Journalists must guard against letting one candidate dominate the coverage and instead provide equal coverage to all the leading contenders, Dale suggested.

  • Fact-checking structures that focus on the average candidate.

Until Trump arrived on the political scene, fact checking by reporters involved “candidates who may tell a couple lies a week, maybe exaggerate one thing a day,” Dale said.

“These structures are not set up to deal with an avalanche of deceit,” he observed, yet reporters would fact check Trump and then report and write on him like he was an average candidate who indulged in a few minor mistruths.

In his Trump Checks series, Dale would post daily and tweet about Trump’s falsehoods. The number of lies would stretch into 10, 20, sometimes even 30 per day. Dale recently published an article showcasing the fact that Trump has told more than 80 blatant lies since taking office only one month ago.

He noted, however, that there have been improvements in the way fact checking is done. It now often happens in real time, with journalists tweeting instantly whenever Trump lies. Many broadcast news networks like CNN also began publishing live fact checking results at the bottom of the screen while candidates were speaking.

  • Inaccurate reporting on what polls really mean.

Dale said that many media outlets suffered from a forecasting problem that led them to believe Hillary Clinton was destined to become the next president. At the root of it was ignorance – or a willingness to ignore – how polls really work.

“Hillary was three to five points ahead,” Dale said, but the media “was not making clear to people that she was within a pretty standard polling error.”

He said there was also insufficient coverage of the fact that national polls did not demonstrate how Clinton would perform in the key battleground states that she eventually lost to Trump. Journalists can avoid this, he said, by becoming more knowledgeable about how polls really work and avoiding over-reliance on them to tell the story.

Dale also offered advice to young journalists covering a political beat. Best practices, he said, require reporters to:

  1. Call out politicians when they lie. If fact checking suffers, then journalists aren’t doing their job of holding people in power accountable and they can get away with misleading the public.
  1. Pay attention to the other side, and not just the fringe extremist publications such as Breitbart and infowars.com. It’s important to learn about more moderate, rational viewpoints that differ from your own because it is impossible to report accurately on what is going on if you exist in an echo chamber.
  1. Recognize that documentation and evidence are paramount. People need solid proof before they will believe what a journalist is reporting. The Star, Dale said, learned this from the Ford crack video story. Journalists have to provide photos and video footage to back up their stories: “People want proof. They didn’t believe us when we said we saw the video ourselves.”
  1. Be as publicly human as possible by making clear how you go about your job and why you do what you do. Part of trust-building, he said, involves demonstrating that journalists are human and relatable people who are doing the best job they can.
  1. Avoid prognostication. Dale said it’s easy to slip from analysis into opinion, and that further entrenches distrust of the media among people who want verified facts and transparency about how the reporting was done and how the information was obtained.
  1. Become versed in policy issues. Deep knowledge will help reporters produce analysis and investigations that are essential to a well-functioning democracy.

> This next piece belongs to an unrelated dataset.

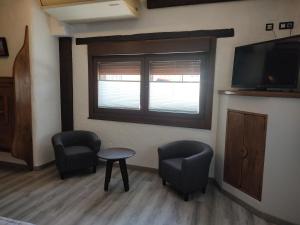 Habitación con 2 sillas, mesa y TV. en Hostal Suetxe, en Los Arcos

Dale said that despite the shortcomings in the Trump coverage, a lot of important and great reporting was done over the past year.

He cited the impressive number of stories journalists uncovered about Trump by the end of the election campaign, pointing to everything from the leaked video where the candidate bragged about sexual assault, to the scandals surrounding alleged ties to Russia.

“This election was a triumph for investigative reporting,” Dale said, noting that there is “such a demand from people for investigative reporting, for smart commentary, for policy analysis.

“This is a wonderful time for journalists to do journalism.”